**TASK BRIEF**: Lines before the one containing "Falke Delicate Touch Slips – Blue Steel" are to be left out; that line and every line after it, through the last line below, are to be reproduced exactly.

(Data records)
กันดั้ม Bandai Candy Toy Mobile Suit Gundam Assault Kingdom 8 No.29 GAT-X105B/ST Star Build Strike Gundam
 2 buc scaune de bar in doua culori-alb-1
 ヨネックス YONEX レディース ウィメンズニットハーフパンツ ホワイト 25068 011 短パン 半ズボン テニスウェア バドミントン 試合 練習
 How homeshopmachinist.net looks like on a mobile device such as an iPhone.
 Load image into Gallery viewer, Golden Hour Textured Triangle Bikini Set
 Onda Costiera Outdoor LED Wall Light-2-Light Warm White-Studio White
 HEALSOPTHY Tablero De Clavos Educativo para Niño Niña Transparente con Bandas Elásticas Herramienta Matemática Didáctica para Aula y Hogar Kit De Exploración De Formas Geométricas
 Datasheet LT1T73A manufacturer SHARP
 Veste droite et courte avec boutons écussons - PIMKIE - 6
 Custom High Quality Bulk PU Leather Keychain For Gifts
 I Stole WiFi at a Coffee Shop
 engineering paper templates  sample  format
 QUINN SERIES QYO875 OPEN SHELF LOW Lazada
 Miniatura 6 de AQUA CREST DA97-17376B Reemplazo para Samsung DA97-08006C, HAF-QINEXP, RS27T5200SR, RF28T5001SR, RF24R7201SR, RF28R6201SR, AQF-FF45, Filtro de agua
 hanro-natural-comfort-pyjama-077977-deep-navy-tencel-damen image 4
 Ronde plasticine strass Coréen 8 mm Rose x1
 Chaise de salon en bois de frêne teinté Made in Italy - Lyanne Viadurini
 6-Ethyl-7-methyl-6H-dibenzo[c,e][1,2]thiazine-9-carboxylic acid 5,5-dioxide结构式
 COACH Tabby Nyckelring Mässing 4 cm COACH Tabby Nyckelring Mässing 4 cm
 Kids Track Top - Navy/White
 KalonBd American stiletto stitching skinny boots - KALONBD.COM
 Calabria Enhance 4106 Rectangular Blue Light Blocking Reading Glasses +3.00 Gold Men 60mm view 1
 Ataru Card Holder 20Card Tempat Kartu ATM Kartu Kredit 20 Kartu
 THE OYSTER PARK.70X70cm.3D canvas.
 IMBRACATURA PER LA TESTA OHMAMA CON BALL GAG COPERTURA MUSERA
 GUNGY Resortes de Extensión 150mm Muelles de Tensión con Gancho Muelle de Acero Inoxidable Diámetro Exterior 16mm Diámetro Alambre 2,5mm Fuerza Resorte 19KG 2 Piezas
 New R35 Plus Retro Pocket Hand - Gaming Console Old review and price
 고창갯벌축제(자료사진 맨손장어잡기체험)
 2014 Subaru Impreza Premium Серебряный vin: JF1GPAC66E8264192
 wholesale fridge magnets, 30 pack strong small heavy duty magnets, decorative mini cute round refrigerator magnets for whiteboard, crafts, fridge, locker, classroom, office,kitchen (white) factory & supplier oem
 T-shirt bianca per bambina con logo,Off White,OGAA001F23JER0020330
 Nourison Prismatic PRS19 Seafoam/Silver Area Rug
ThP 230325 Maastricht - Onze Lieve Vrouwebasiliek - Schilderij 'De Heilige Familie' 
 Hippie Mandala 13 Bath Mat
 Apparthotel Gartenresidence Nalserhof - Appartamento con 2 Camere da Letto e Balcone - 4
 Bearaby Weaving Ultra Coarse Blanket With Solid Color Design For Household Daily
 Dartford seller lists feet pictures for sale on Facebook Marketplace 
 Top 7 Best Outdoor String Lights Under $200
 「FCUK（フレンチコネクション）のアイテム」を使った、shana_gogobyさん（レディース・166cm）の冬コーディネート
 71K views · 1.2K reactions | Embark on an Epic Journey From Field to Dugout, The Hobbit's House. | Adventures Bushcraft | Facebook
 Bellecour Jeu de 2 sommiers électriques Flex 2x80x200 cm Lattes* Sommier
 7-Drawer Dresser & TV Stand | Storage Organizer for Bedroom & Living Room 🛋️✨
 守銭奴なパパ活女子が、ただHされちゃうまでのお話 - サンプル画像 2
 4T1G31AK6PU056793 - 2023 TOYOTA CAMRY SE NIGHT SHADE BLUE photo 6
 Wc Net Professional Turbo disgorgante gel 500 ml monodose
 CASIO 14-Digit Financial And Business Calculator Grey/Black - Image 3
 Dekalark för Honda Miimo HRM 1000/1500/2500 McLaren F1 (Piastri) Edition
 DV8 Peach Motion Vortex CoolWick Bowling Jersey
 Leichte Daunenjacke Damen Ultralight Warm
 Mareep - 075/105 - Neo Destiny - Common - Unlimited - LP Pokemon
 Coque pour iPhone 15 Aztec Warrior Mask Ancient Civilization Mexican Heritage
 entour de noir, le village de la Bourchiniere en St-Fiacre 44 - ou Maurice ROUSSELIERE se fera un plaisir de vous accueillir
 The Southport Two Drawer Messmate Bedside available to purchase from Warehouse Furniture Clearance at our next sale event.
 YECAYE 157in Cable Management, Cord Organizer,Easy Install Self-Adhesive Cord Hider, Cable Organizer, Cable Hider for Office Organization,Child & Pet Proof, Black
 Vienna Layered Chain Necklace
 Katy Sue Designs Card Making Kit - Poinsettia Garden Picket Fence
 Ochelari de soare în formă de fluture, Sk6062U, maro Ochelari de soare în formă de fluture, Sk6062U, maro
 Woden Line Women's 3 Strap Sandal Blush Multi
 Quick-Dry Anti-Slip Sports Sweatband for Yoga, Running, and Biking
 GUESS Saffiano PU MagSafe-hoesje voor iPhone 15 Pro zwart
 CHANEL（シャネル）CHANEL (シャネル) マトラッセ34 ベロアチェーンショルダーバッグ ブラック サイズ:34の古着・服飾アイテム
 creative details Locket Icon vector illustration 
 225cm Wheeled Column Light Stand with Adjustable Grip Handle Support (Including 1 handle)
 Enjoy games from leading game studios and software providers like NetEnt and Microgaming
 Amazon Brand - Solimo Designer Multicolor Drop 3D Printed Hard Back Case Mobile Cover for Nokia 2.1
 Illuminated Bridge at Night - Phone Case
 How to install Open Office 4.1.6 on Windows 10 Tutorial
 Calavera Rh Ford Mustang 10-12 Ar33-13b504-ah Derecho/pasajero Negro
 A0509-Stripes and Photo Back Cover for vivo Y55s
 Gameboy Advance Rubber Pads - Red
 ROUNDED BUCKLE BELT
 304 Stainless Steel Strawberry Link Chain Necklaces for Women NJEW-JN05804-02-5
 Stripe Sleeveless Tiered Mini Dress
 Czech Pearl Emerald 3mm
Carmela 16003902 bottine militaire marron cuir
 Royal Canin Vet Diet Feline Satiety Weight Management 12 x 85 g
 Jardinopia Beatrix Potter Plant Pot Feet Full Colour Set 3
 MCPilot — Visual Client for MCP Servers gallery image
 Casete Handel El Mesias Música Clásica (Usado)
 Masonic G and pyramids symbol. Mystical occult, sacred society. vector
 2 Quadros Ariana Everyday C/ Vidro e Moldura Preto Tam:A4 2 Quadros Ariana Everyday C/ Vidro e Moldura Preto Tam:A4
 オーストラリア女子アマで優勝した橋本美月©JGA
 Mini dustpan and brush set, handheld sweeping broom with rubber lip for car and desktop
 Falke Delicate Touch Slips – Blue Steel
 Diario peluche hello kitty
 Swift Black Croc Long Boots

**WRITTEN REPLY**:
 Falke Delicate Touch Slips – Blue Steel
 Diario peluche hello kitty
 Swift Black Croc Long Boots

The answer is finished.